W połączeniu z informacjami na temat planów polskiego rządu przejęcia części składki wpływającej wcześniej do OFE (na Węgrzech BUX stracił w listopadzie 15 proc., spadając w okolice rocznych minimów po podaniu podobnej informacji) spowodowało to silny spadek cen akcji na GPW pomiędzy 3 a 10 stycznia. 5-sesyjna zmiana WIG20 wyniosła minus 4,5 proc. i była największa od 9 miesięcy, czyli od okresu kwiecień–maj ub.r. Wydawałoby się, że jest to piękne potwierdzenie wcześniejszych oczekiwań co do podobieństwa pierwszego kwartału nowego roku do II kwartału roku poprzedniego, kiedy to rozgrywane były lęki o bankructwo Grecji.
Tak słaby początek roku mógłby trochę niepokoić, ale najsłabszy przebieg pierwszych sesji miał miejsce w roku 2005, który jako całość okazał się bardzo pozytywny.
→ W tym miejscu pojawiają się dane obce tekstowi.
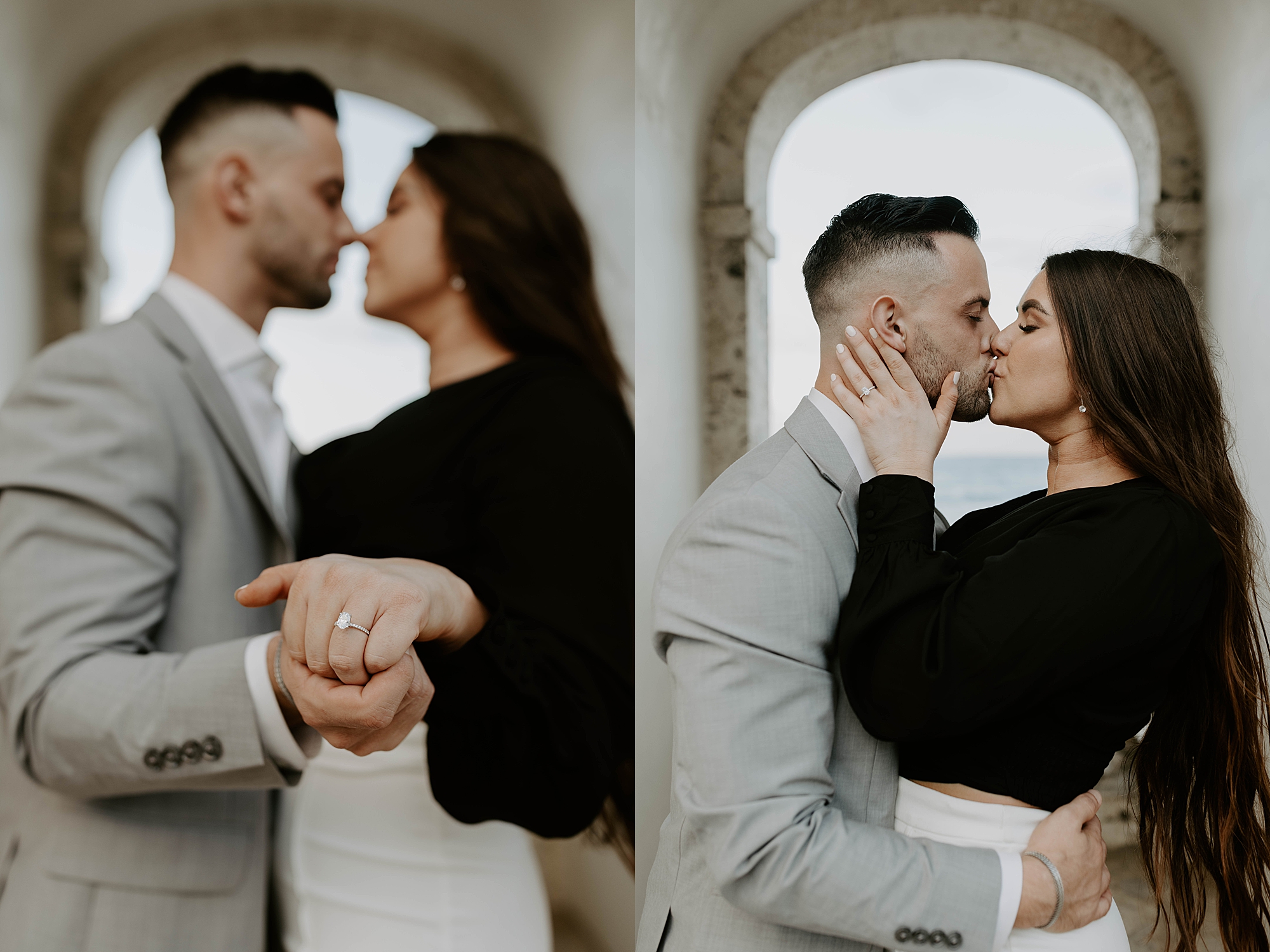 engagement session; engagement photography; beach pictures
Minione dwa lata zarówno na giełdzie we Frankfurcie, jak i na GPW były w dużej mierze kopią tego, co na obu rynkach działo się w latach 2003–2004 podczas poprzedniego epizodu wydobywania się gospodarki światowej z deflacyjnej zapaści (wtedy zainicjowanej krachem na rynku Nasdaq). Jeśli ta analogia miałaby się nadal utrzymywać, to rozpoczęty 2011 rok okazałby się rzeczywiście kopią roku 2005. Ten zaś okazał się ostatecznie bardzo dobry zarówno dla niemieckiego rynku akcji, jak i polskiego. W 2005 roku DAX zyskał 27,1 proc., WIG20 zaś wzrósł o 35,4 proc.
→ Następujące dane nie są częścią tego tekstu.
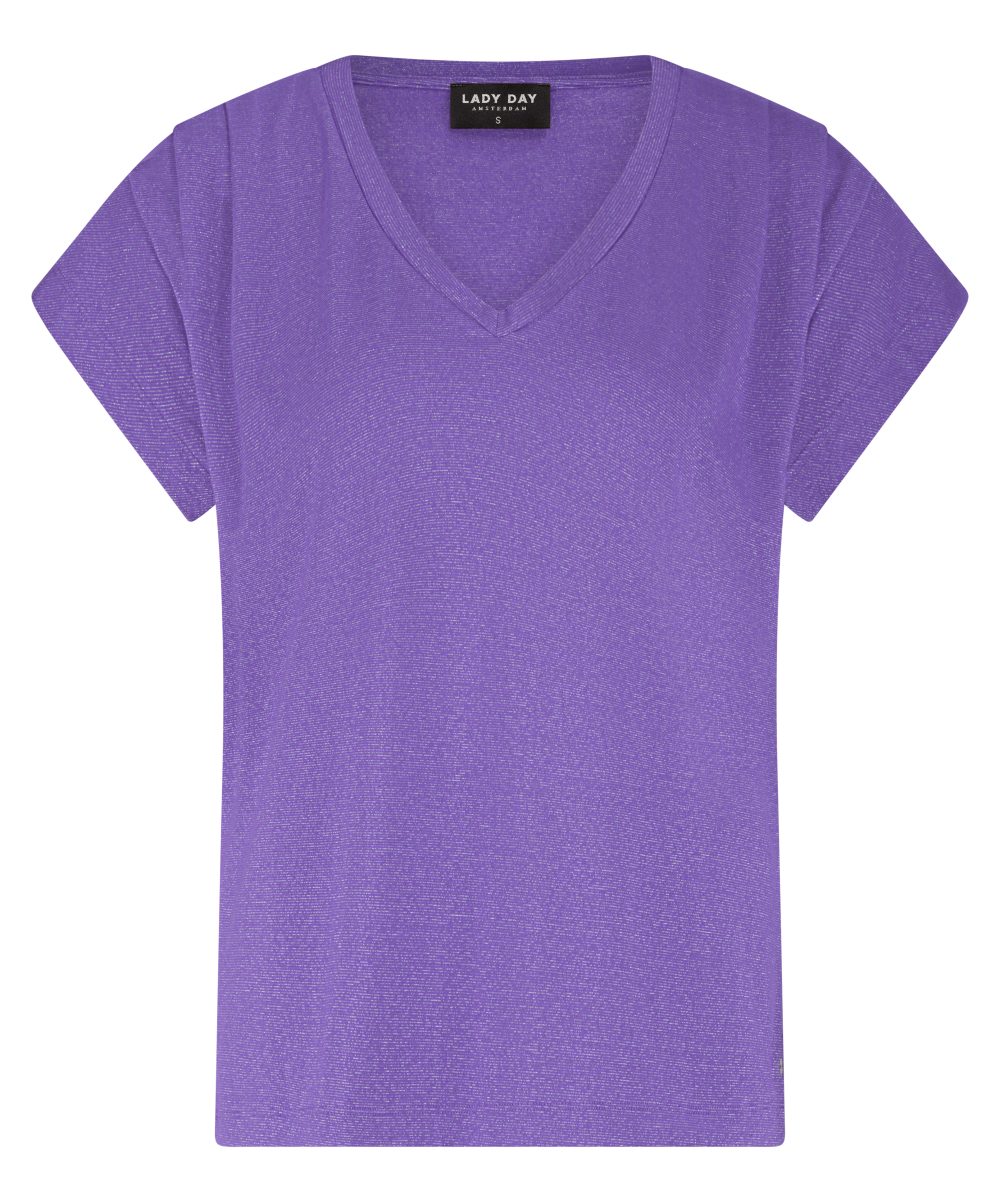 Lady Day - Kathy Top - Violet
Również zachowanie EUR/USD na początku roku potwierdzało relatywnie pesymistyczne oczekiwania co do przebiegu I kwartału na rynkach akcji. Koncentracja uwagi mediów na problemach Portugalii przełożyła się na spadek euro do 4-miesięcznego minimum względem dolara. W tym ruchu można się było dopatrzyć wybicia dołem z półrocznej formacji „głowy z ramionami” podobnego w swym charakterze do spadków z końca stycznia 2010 r. czy początku sierpnia 2008 r., która to interpretacja sugerowała kontynuację spadku wartości europejskiej waluty aż do czasu osiągnięcia minimum z czerwca ub.r. (1,19) połączonego z mniejszą lub większą słabością rynku akcji.
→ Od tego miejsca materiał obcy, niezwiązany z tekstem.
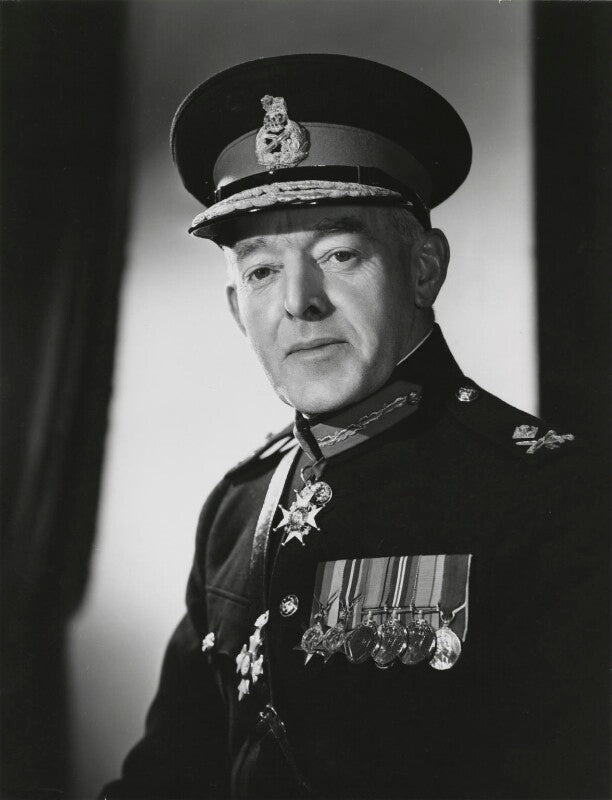 Basil douglas jones npg x168639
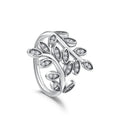 Nature Lover Sterling Ring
Tymczasem jednak Portugalczycy grzecznie podziękowali za oferowaną im pomoc, deklarując gotowość samodzielnego poradzenia sobie z problemami finansowymi. Reakcja rynków nastąpiła we wtorek i środę i niespodziewanie doprowadziła do wyniesienia indeksów głównych rynków akcji oraz indeksów rynku surowców (GSCI) na nowe cykliczne maksima.
Poprzednie epizody korekcyjne na rynku akcji rozpoczynały się, gdy premie na rynku CDS dla długu Grecji i Portugalii przekraczały poziom mniej więcej 500 punktów bazowych (odpowiednio w kwietniu i listopadzie ub.r.), a rentowność 10-letnich obligacji skarbowych tych krajów rosła zdecydowanie powyżej 7 proc. Co ciekawe, portugalskie CDS-y 30 listopada oraz 10 stycznia dwukrotnie zastukały w poziom 507–515 pkt bazowych, a rentowność tamtejszych obligacji skarbowych 11 listopada i 7 stycznia odbiła się od strefy 7,28–7,36. Wydaje się, że Portugalczycy na tych poziomach próbują się bronić i na razie im się to udaje. Ewentualne przełamanie tych linii obrony wywoła silniejszy ruch spadkowy na giełdach, a kilka tygodni później ofiarą podobnego ataku stanie się Hiszpania.